Beginners Guide
To Guitar Pedals

The world of guitar effects is weird and wonderful, and a great way to expand on the sounds your guitar makes. But it’s difficult to know where to start when there are so many pedals out there!


Here we'll take you on a tour of the fundamental effects you need to get started and the best pedals for beginners.

What Is a Guitar Pedal?

Guitar pedals are an important piece of the puzzle in shaping the sound made from your guitar. In their simplest form, pedals are small, metal enclosures housing circuitry you step on to activate; hence the slang name stompbox. Once turned on, it can drive, distort, modulate, reverberate your guitar tone and more, depending on what it's built to do.


Your amp and guitar contribute to your overall tone, but a guitar pedal can take it to the next level. There’s an infinite combination of effects to explore, from subtle changes to all-out and tone-defining. Use pedals to add new creative dimensions to your playing or simply improve overall sound quality.


We'll keep everything here as basic as possible to understand, free from unnecessarily technical jargon and confusing controls.

Why Do I Need a Guitar Pedal?

Simply put, guitar effects are used to make your tone sound better than they would with just a guitar and amp, or are used to create interesting tonal textures.
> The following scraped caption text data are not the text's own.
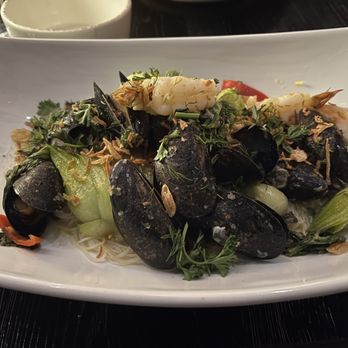 The Amsterdam - PEI Mussels - New American Near Me - Rhinebeck, New York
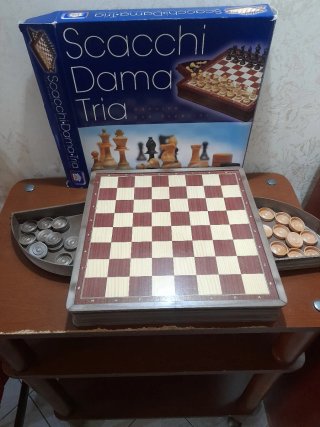 Scacchi Dama Tria con pedine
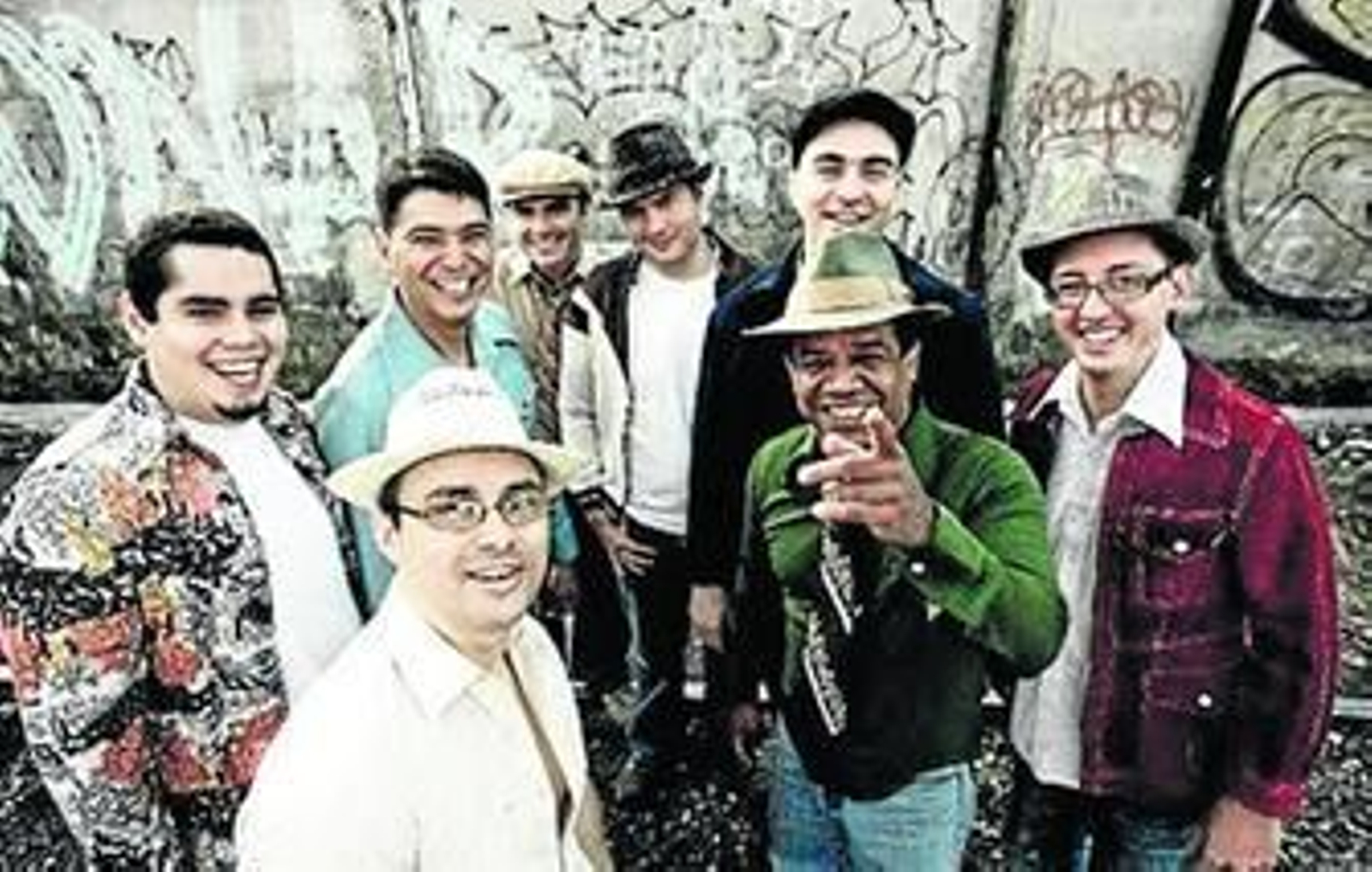 Los integrantes del grupo costarricense 'Son de Tikizia' interpreta música salsa con nuevas ideas y un sonido más depurado.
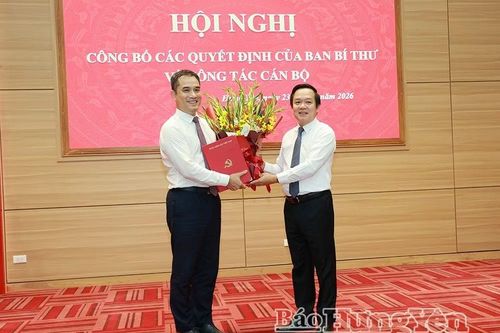 Hưng Yên công bố các quyết định của Ban Bí thư về công tác cán bộ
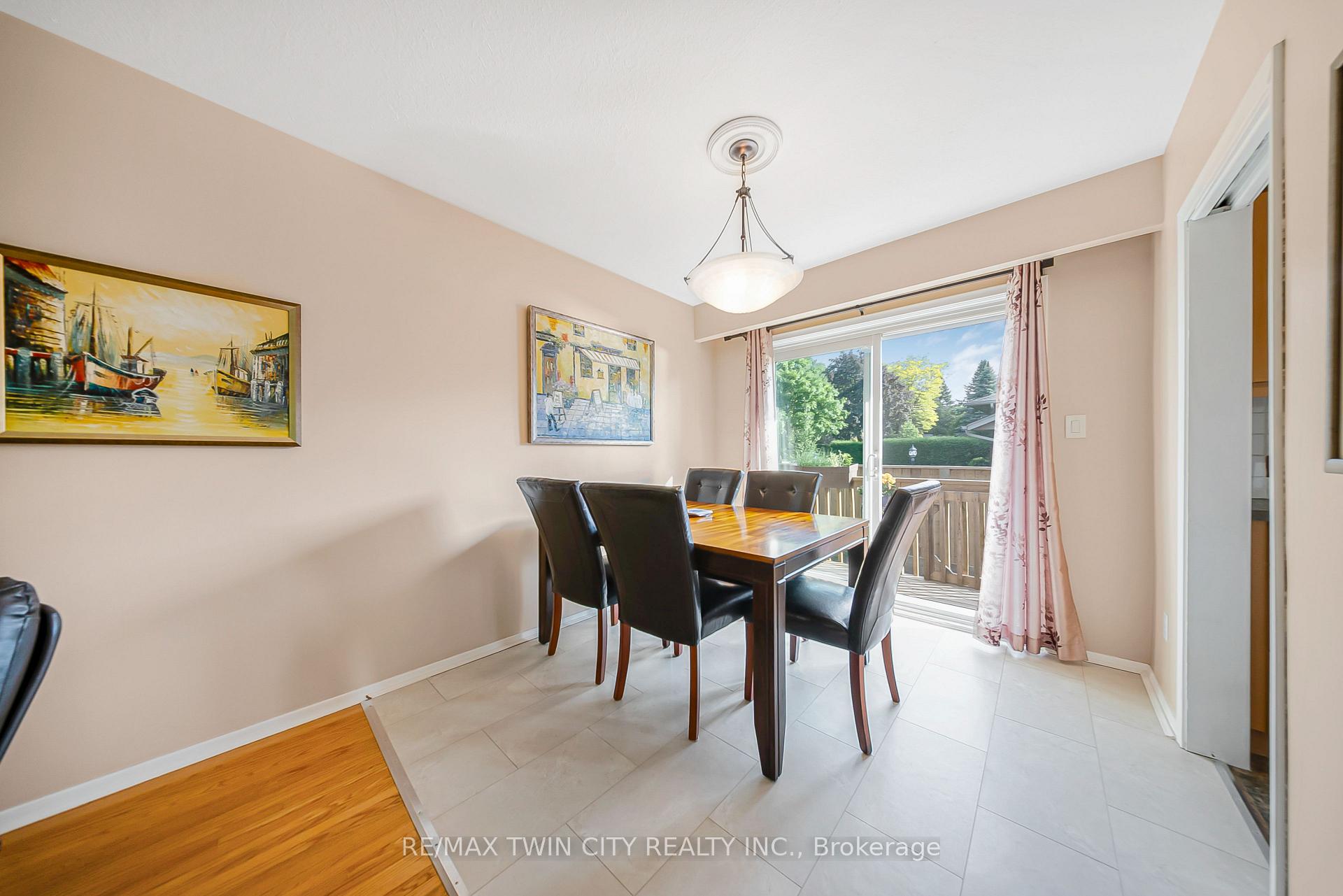 Photo 11 of 36 Nicklin Crescent, Guelph, Riverside Park — HOMEH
Some effects are more widely used or essential than others. Reverb, overdrive and a select few modulations make up the majority of guitar rigs. This is the best way to expand your creative horizons as a musician.


For a beginner, it’s best to stick with reasonably priced, tried and tested stompboxes with simple controls just to get a feel for the sound they make. Once you have this basic understanding, then it's a good idea to try out some more unique effects.

How Do I Use a Guitar pedal?

Plug your ¼ inch guitar lead into the pedal, then plug another lead from the pedal into the amp. If you want to use more than one pedal, use shorter patch cables to link them all up. Using pedals through long cable runs weakens the signal. Keeping your cable chain short ensures a constant signal flow from your guitar to amp.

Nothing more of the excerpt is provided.